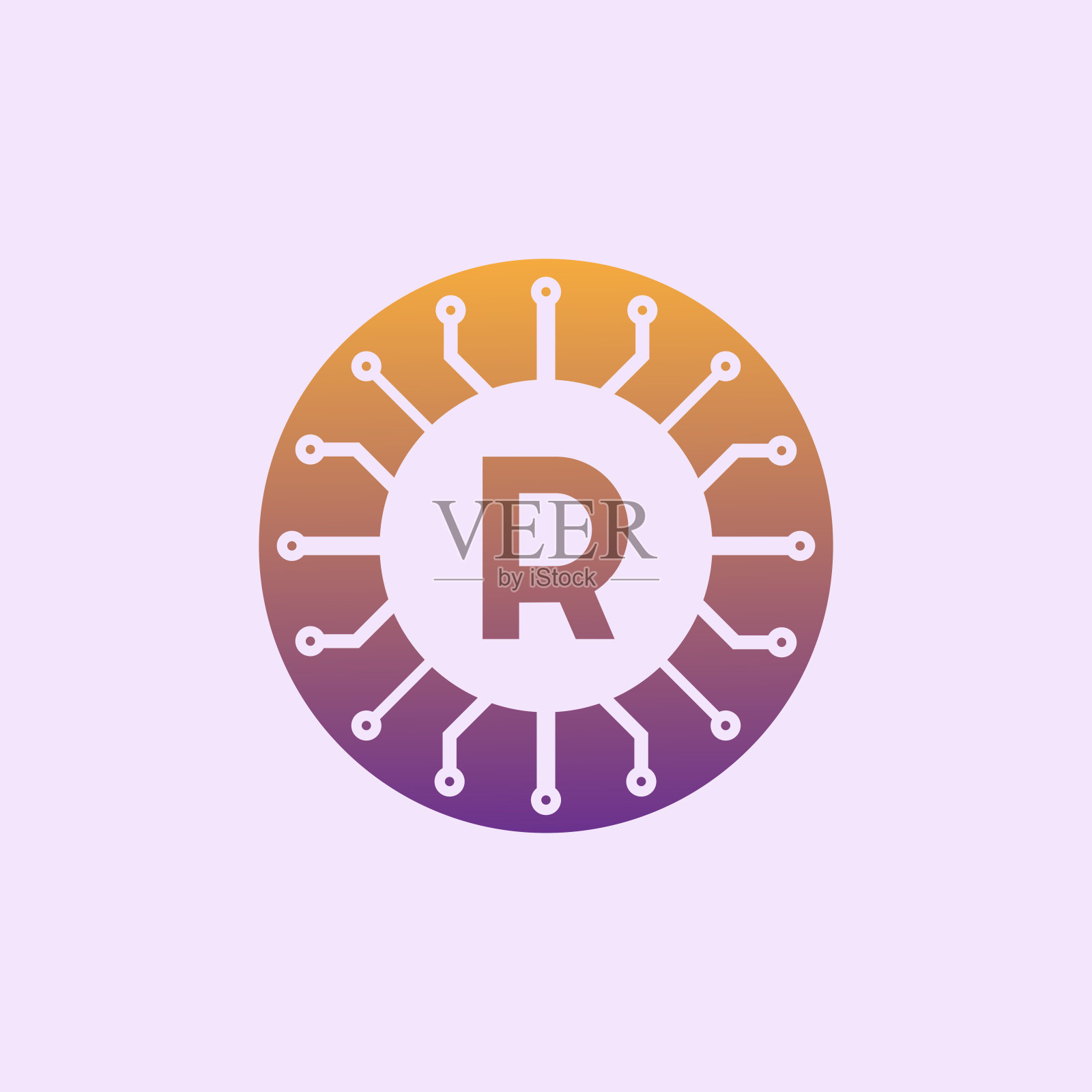 技术初始字母R图标设计插画图片素材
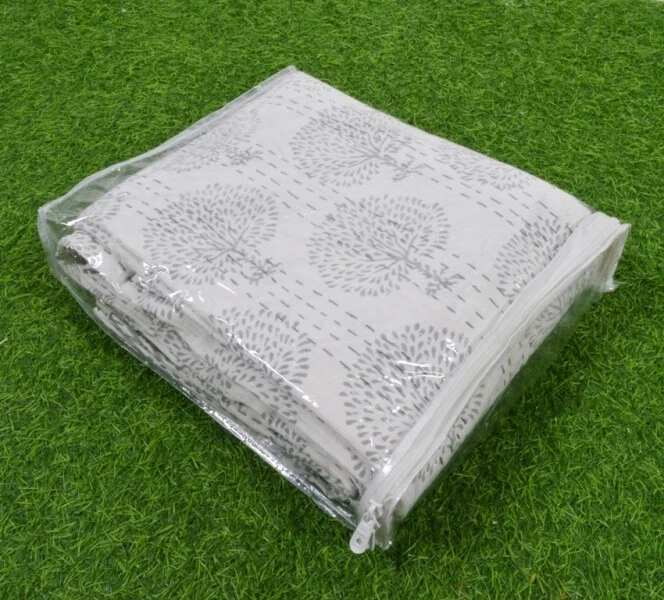 Art Kantha Double Quilt Tree Print Reversible Blanket Cotton Bohemian Throw - Image 2 of 4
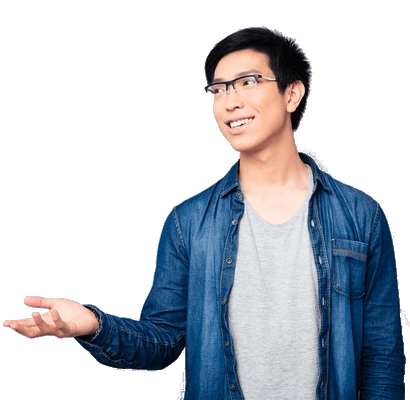 happy asian man telling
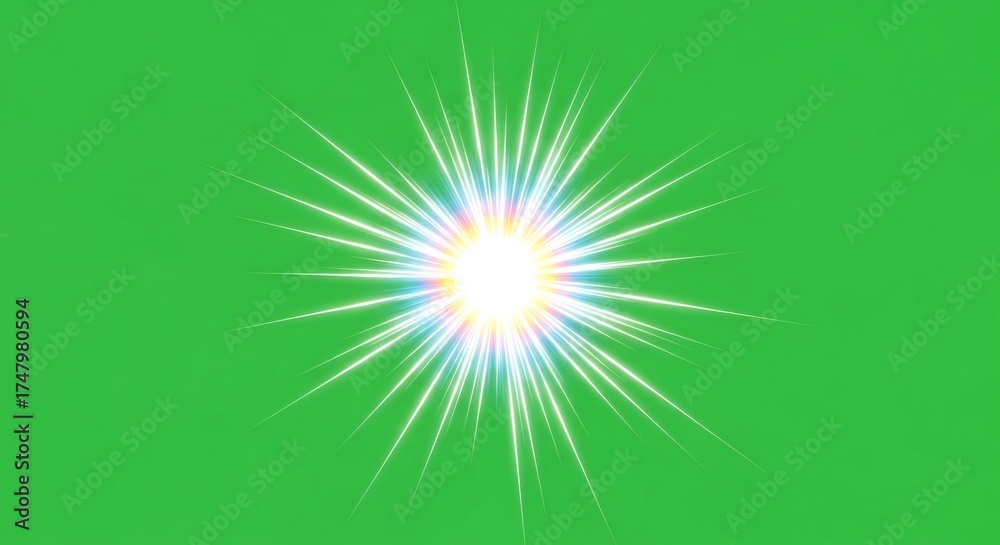 Obraz premium Bright light rays with colorful glow isolated on green screen. Chromakey background for digital effects. Shine effect for video editing.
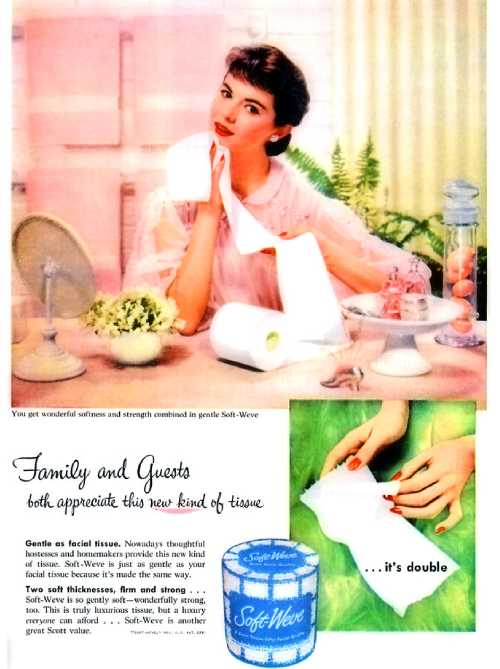 1955年のアメリカ・Soft-Weveティッシュ雑誌広告
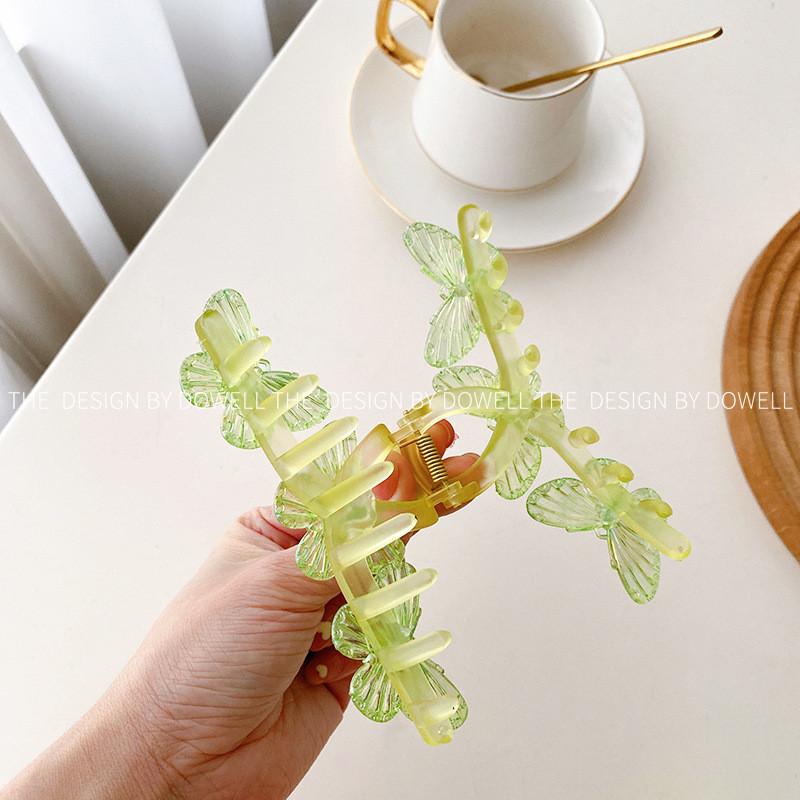 Elegant Green Butterfly Hair Claw Clip For Spring Stylish Fresh Women Accessories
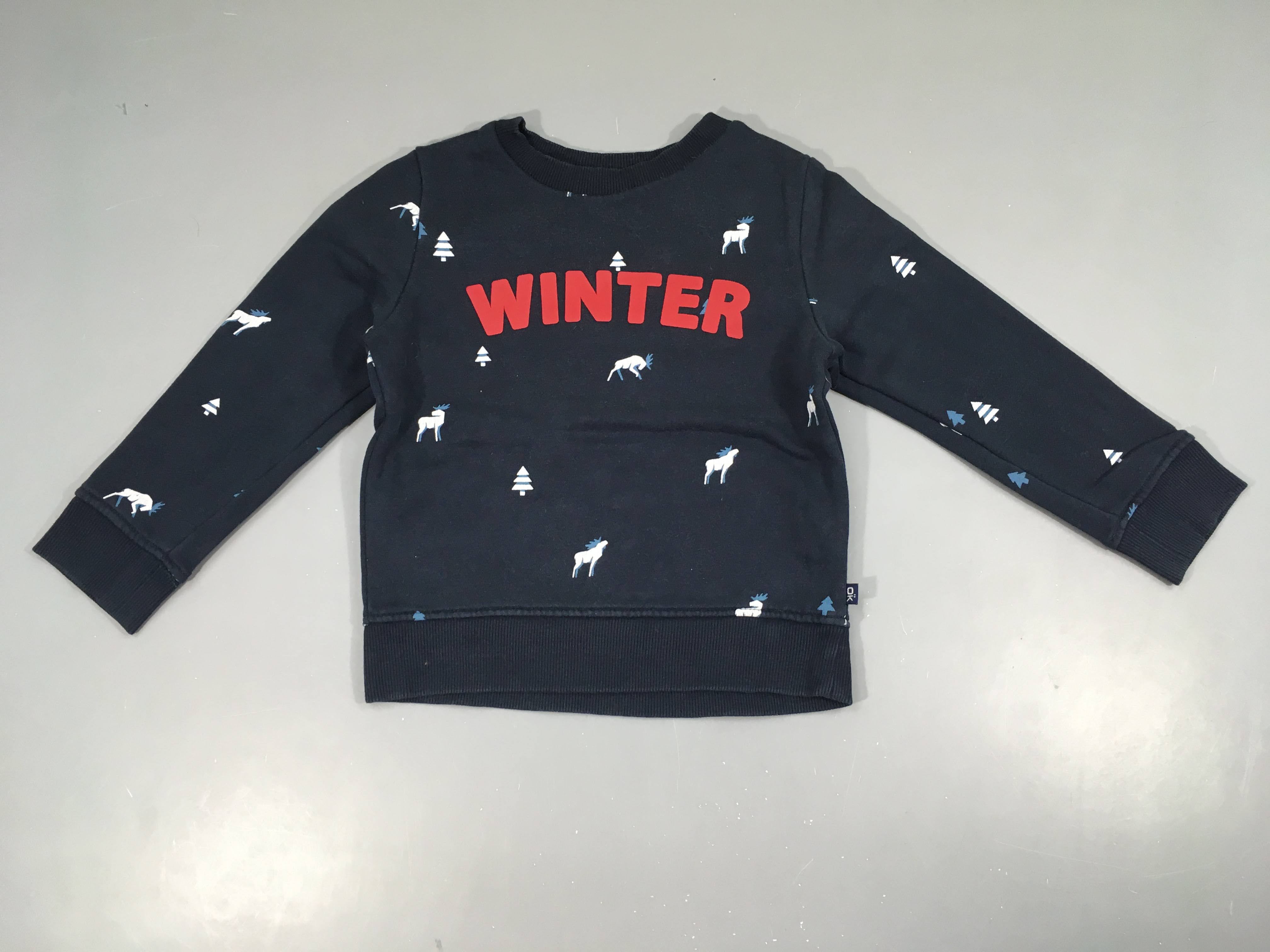 Sweat bleu marine Winter Noël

THE TASK:
At the line containing "happy asian man telling", begin reproducing the entries word for word, and continue through their last line. Leave out the pictures.

ANSWER AREA:
 happy asian man telling
 Obraz premium Bright light rays with colorful glow isolated on green screen. Chromakey background for digital effects. Shine effect for video editing.
 1955年のアメリカ・Soft-Weveティッシュ雑誌広告
 Elegant Green Butterfly Hair Claw Clip For Spring Stylish Fresh Women Accessories
 Sweat bleu marine Winter Noël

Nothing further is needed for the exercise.